Extracted entries:
━━━━━━━━━━━━━━━━━━━━━━━━━━━━━━

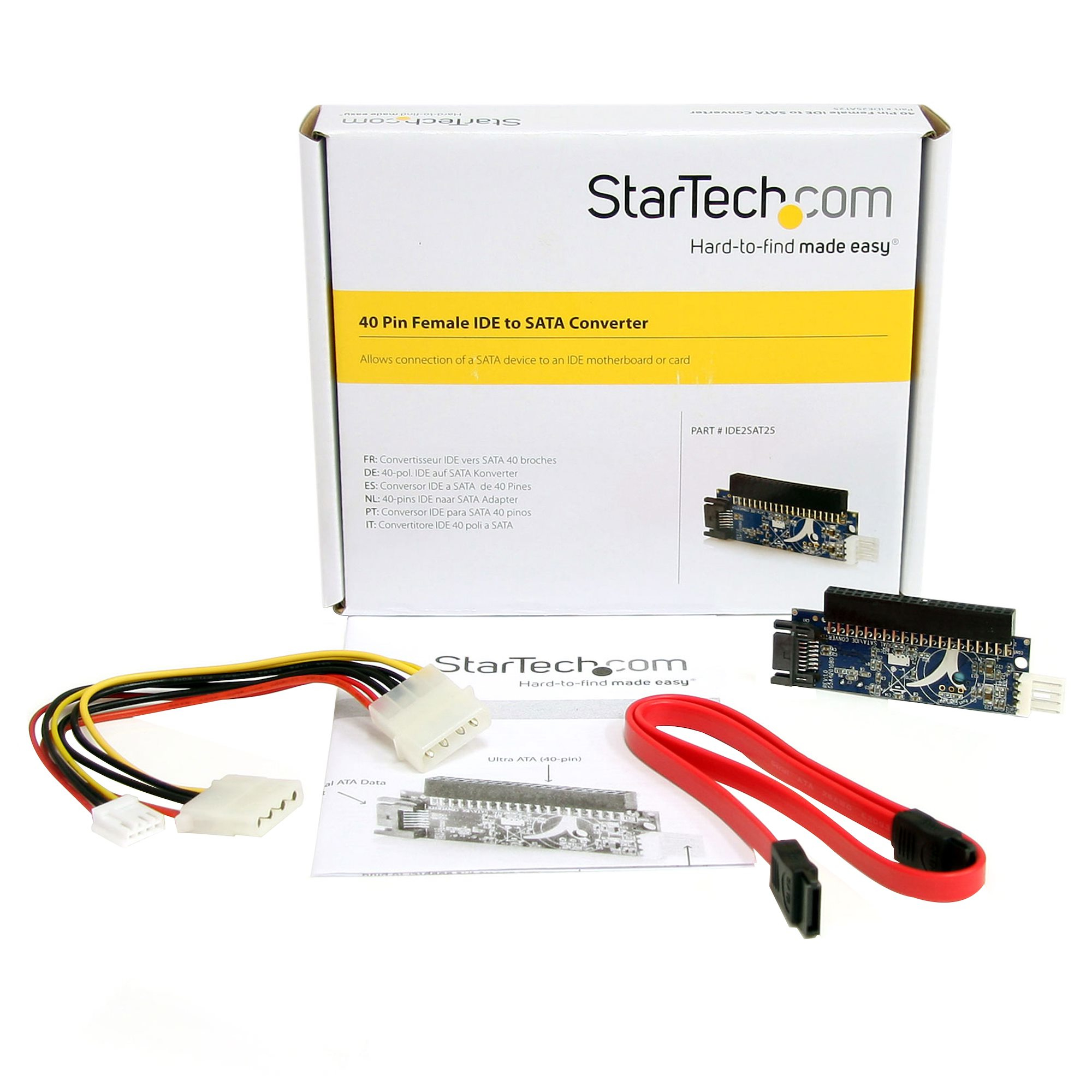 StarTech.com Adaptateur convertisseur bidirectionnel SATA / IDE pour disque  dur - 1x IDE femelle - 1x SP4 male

━━━━━━━━━━━━━━━━━━━━━━━━━━━━━━

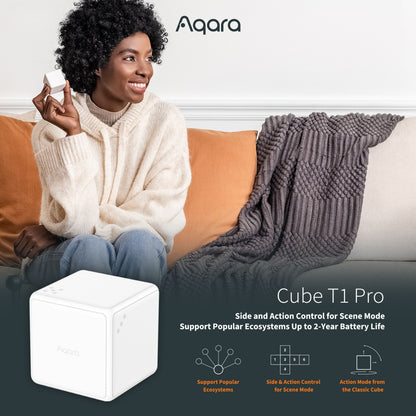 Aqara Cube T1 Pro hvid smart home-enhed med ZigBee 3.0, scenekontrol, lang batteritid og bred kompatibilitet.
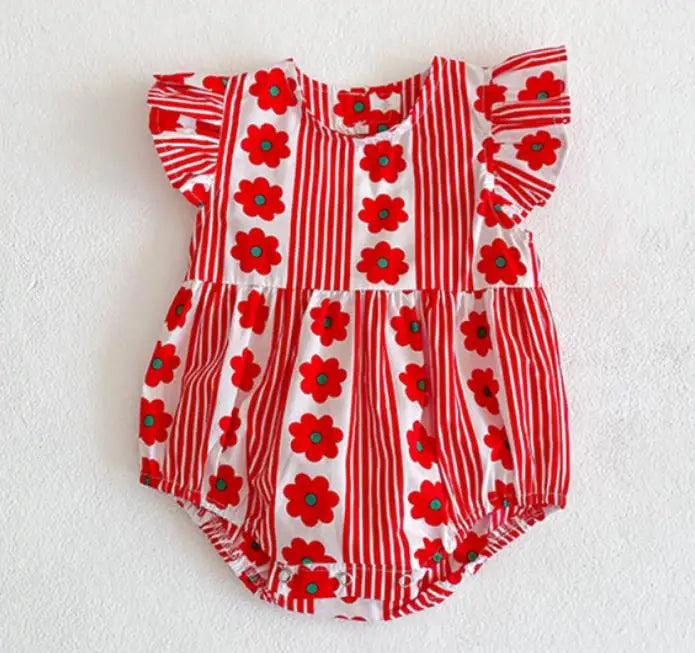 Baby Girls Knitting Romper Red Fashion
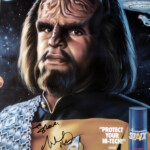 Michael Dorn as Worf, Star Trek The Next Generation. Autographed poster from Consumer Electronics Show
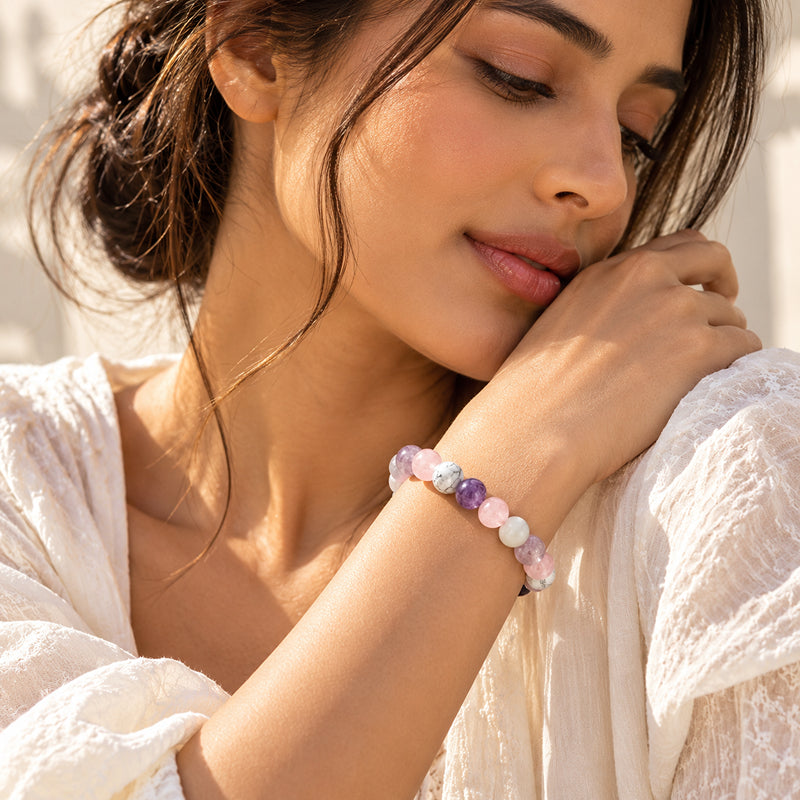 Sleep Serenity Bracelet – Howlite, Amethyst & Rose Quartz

━━━━━━━━━━━━━━━━━━━━━━━━━━━━━━

The problem:
Going back to the data above, write out everything from the line with "Aqara Cube T1" down to the line with "Michael Dorn as", both included, leaving every picture out.

Written solution:
 Aqara Cube T1 Pro hvid smart home-enhed med ZigBee 3.0, scenekontrol, lang batteritid og bred kompatibilitet.
 Baby Girls Knitting Romper Red Fashion
 Michael Dorn as Worf, Star Trek The Next Generation. Autographed poster from Consumer Electronics Show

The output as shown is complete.